Work order: Omit the pictures and print exactly the lines of the listing below, starting at the first and ending at the line containing "Dream11’s New Football".
+++ Available data
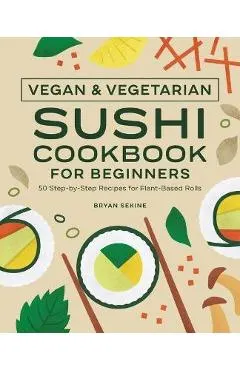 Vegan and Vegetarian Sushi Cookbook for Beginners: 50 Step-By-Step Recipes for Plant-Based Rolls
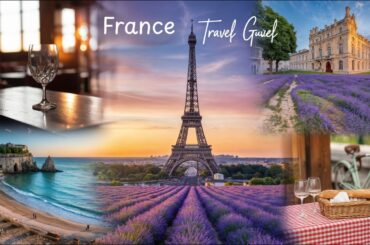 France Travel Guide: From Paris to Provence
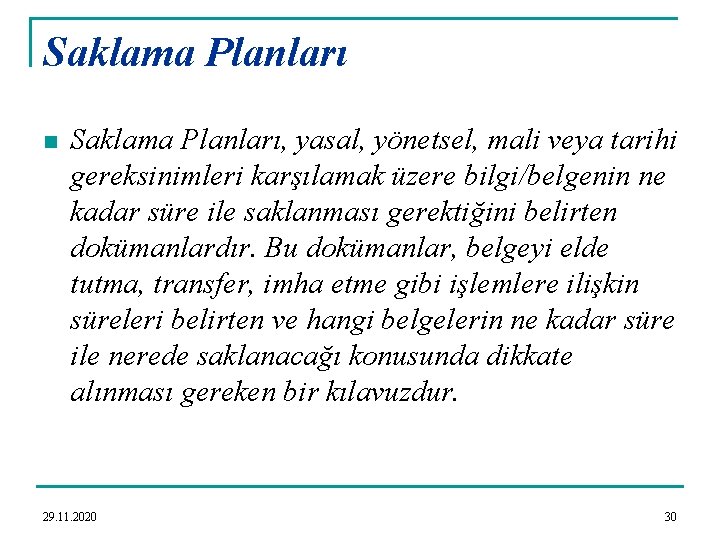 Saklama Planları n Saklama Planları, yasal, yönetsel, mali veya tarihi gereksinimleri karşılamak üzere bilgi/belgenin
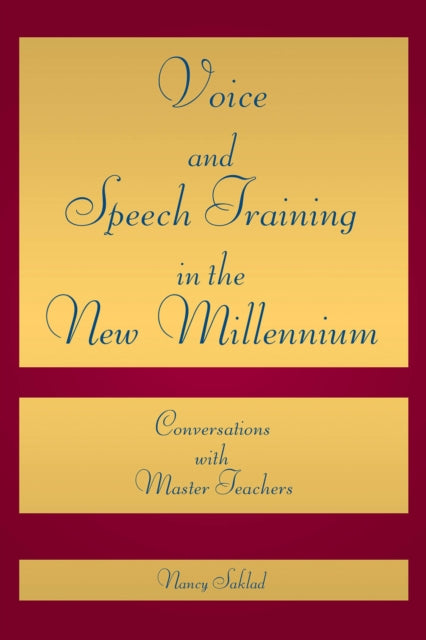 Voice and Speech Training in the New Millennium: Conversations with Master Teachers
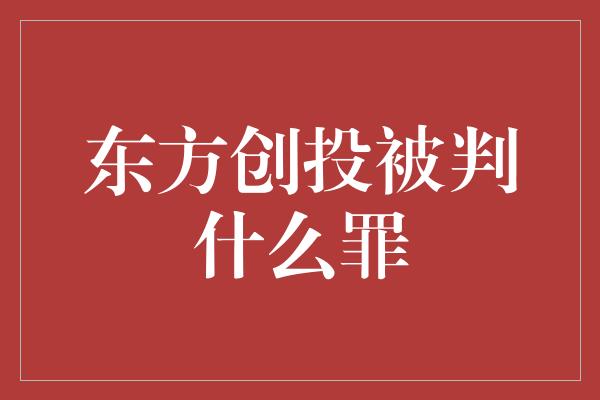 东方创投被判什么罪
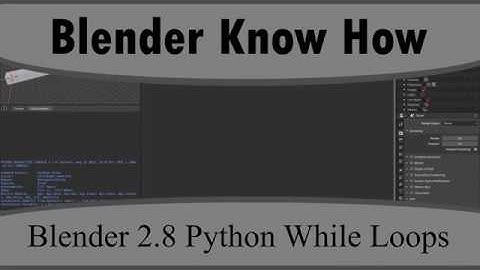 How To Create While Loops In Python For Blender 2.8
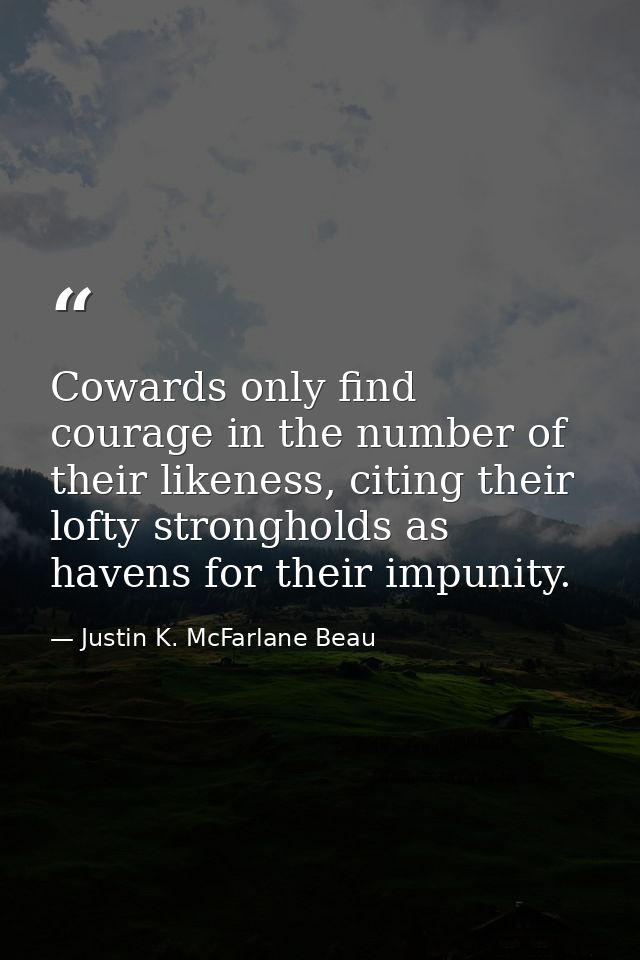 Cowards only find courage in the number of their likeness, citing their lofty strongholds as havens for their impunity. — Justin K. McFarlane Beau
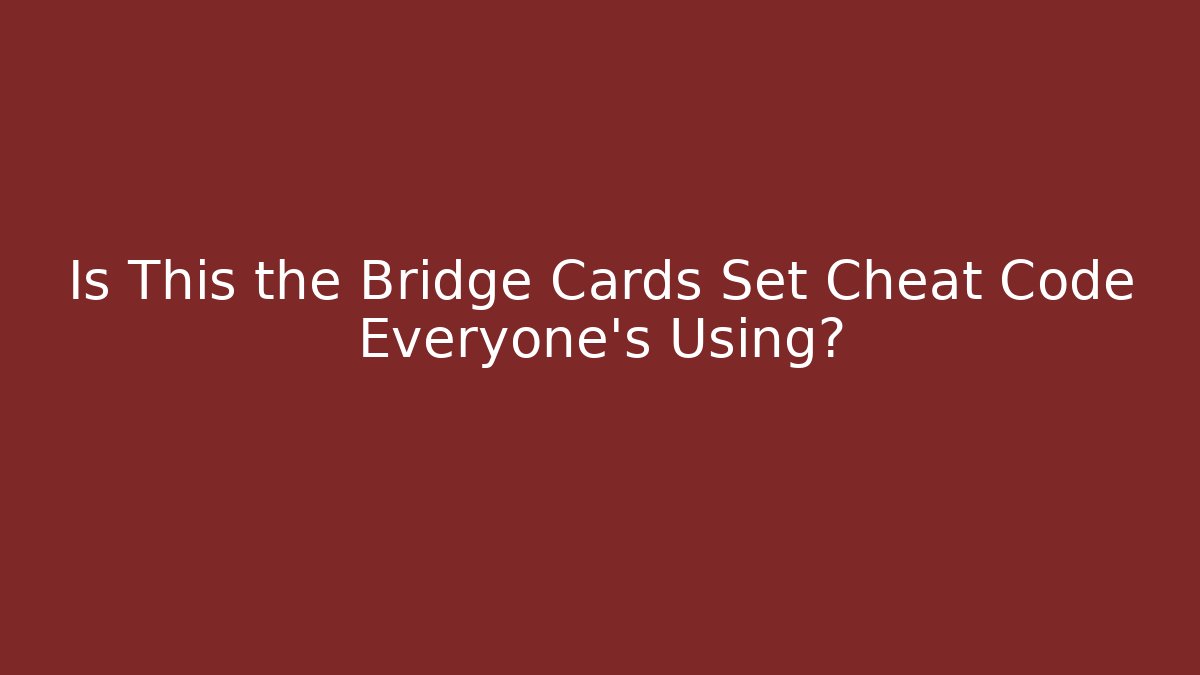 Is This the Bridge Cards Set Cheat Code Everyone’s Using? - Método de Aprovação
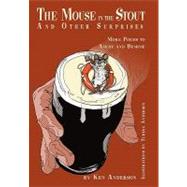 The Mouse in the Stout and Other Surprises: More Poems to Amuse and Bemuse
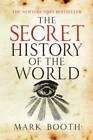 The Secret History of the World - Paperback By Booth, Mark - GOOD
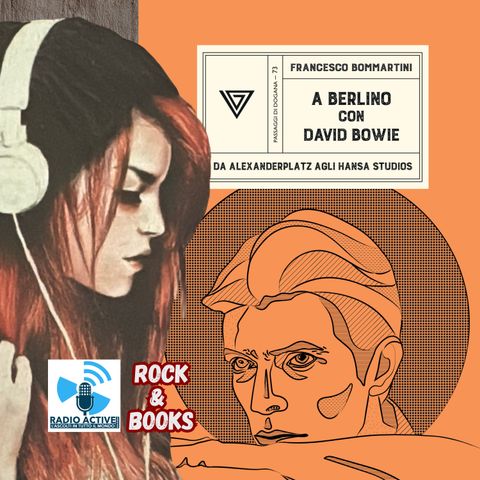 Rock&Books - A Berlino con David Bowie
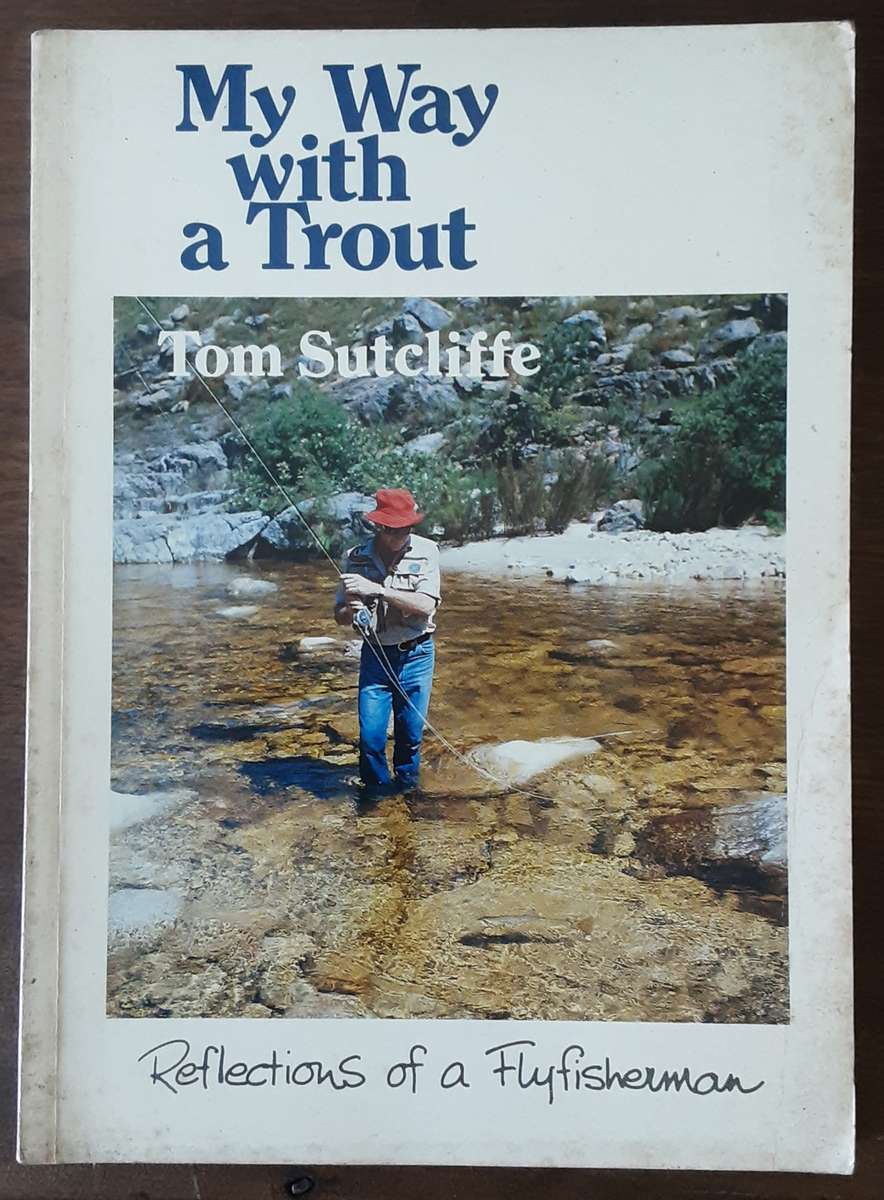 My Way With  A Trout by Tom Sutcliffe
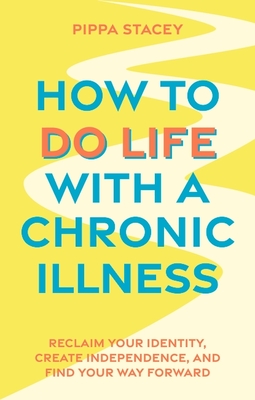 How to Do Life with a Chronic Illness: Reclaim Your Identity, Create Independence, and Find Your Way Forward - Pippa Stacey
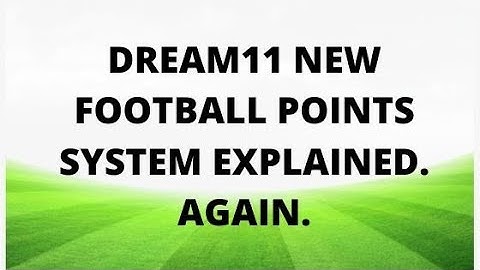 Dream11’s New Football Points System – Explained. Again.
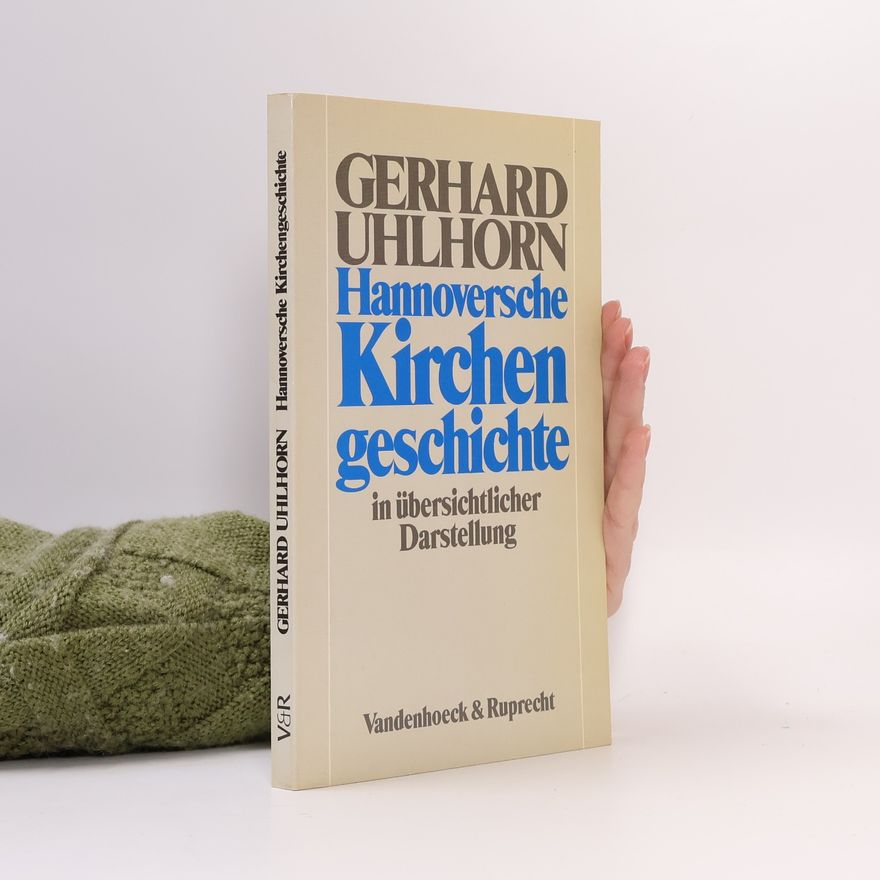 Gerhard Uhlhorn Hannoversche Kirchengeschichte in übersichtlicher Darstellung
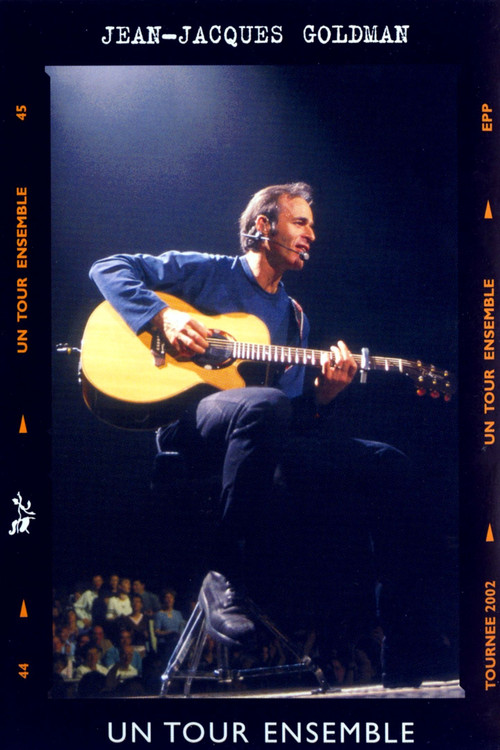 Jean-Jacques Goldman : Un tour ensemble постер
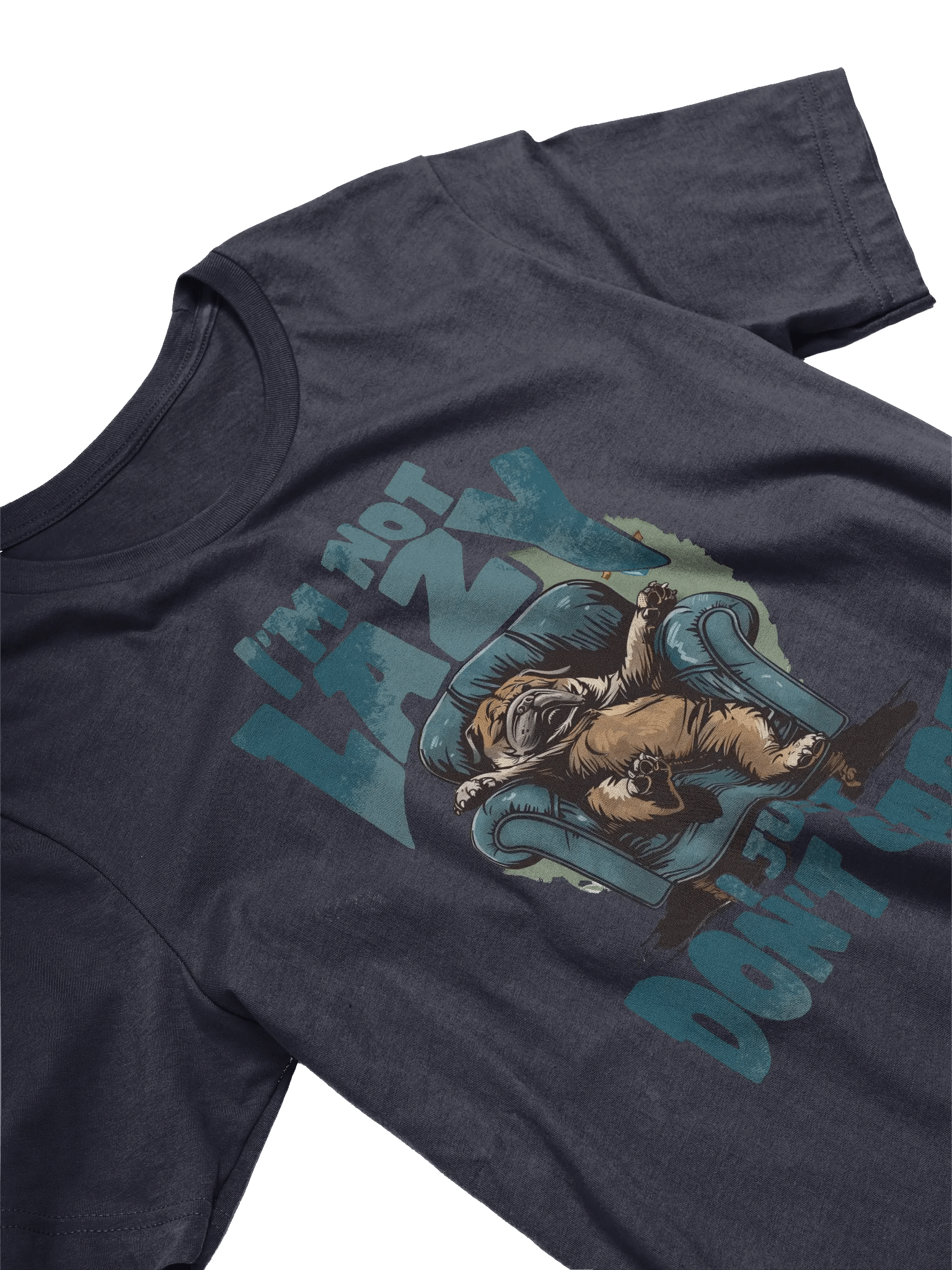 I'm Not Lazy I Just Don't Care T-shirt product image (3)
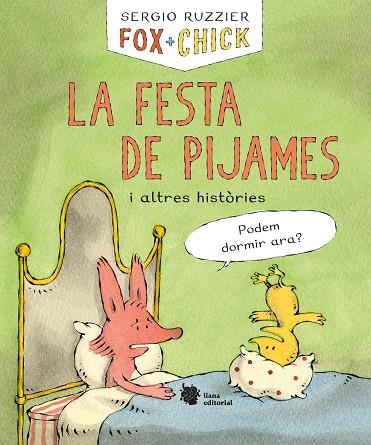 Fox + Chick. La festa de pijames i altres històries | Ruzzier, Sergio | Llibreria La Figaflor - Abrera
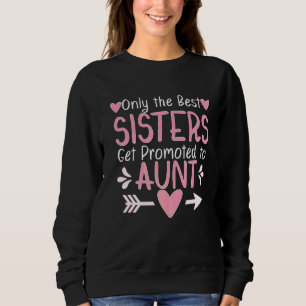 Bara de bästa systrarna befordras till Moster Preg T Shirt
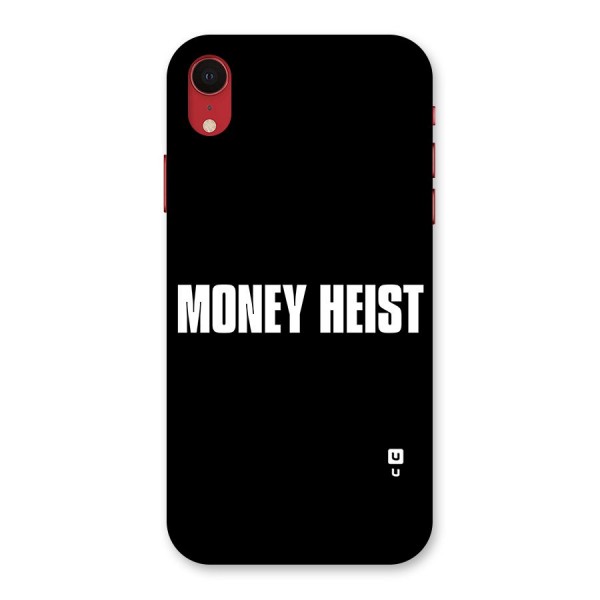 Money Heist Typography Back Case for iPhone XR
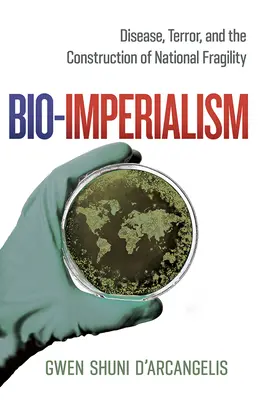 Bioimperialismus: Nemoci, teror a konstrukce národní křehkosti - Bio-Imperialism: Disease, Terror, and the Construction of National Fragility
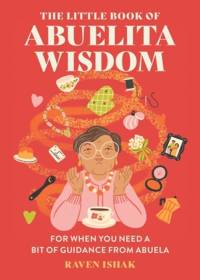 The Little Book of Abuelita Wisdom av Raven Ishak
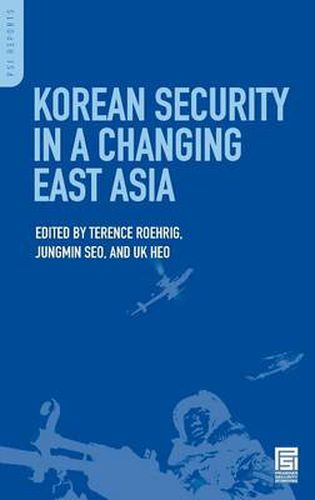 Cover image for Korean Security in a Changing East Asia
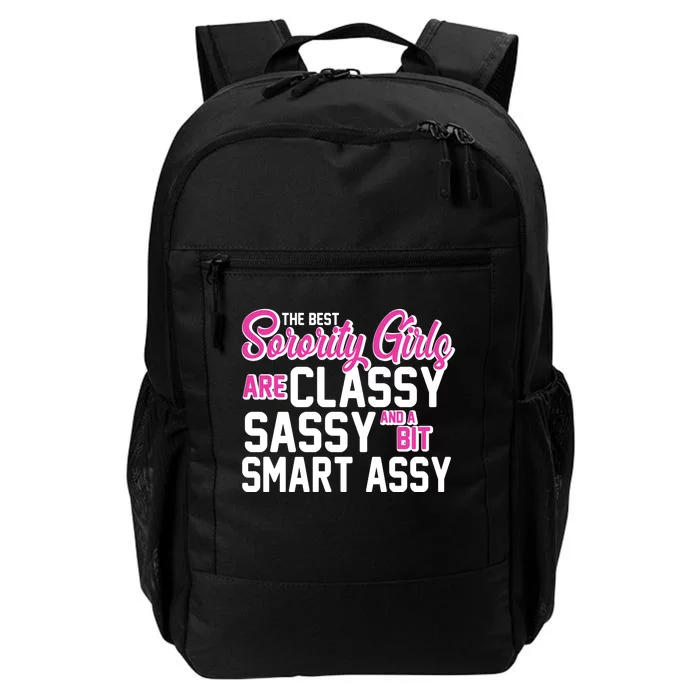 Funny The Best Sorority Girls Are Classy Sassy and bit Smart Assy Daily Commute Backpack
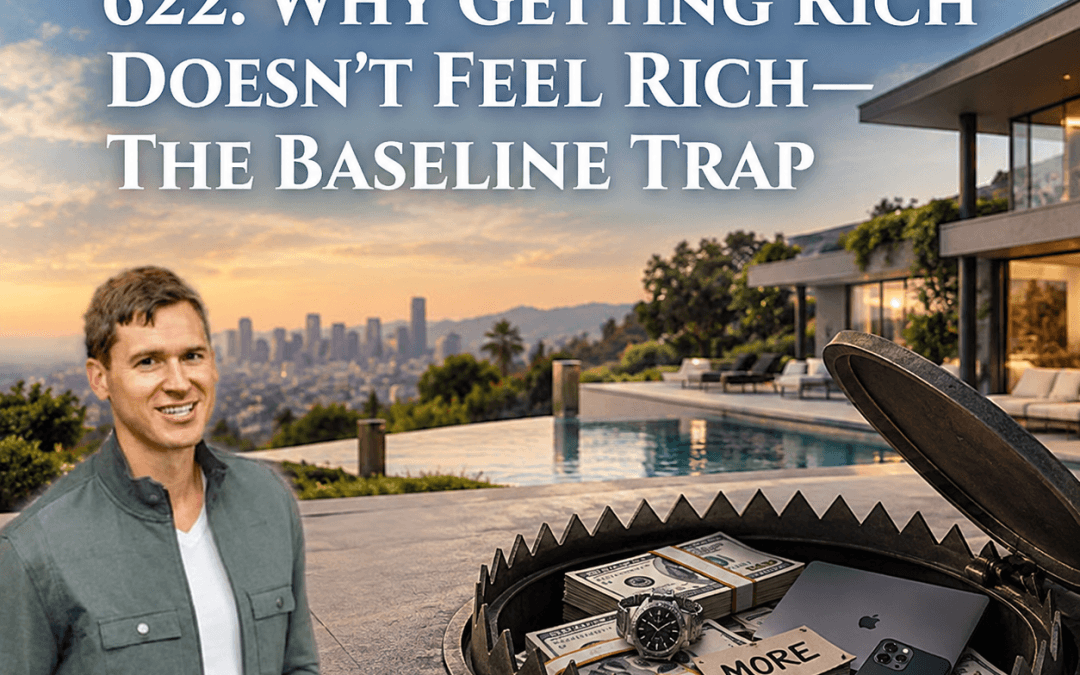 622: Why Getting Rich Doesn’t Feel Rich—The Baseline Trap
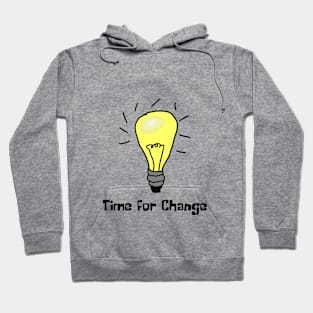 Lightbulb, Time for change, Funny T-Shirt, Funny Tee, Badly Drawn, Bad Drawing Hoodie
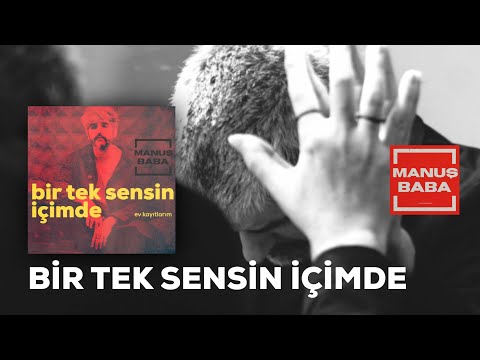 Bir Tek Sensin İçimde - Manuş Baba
++++++
Response area:
 Vegan and Vegetarian Sushi Cookbook for Beginners: 50 Step-By-Step Recipes for Plant-Based Rolls
 France Travel Guide: From Paris to Provence
 Saklama Planları n Saklama Planları, yasal, yönetsel, mali veya tarihi gereksinimleri karşılamak üzere bilgi/belgenin
 Voice and Speech Training in the New Millennium: Conversations with Master Teachers
 东方创投被判什么罪
 How To Create While Loops In Python For Blender 2.8
 Cowards only find courage in the number of their likeness, citing their lofty strongholds as havens for their impunity. — Justin K. McFarlane Beau
 Is This the Bridge Cards Set Cheat Code Everyone’s Using? - Método de Aprovação
 The Mouse in the Stout and Other Surprises: More Poems to Amuse and Bemuse
 The Secret History of the World - Paperback By Booth, Mark - GOOD
 Rock&Books - A Berlino con David Bowie
 My Way With  A Trout by Tom Sutcliffe
 How to Do Life with a Chronic Illness: Reclaim Your Identity, Create Independence, and Find Your Way Forward - Pippa Stacey
 Dream11’s New Football Points System – Explained. Again.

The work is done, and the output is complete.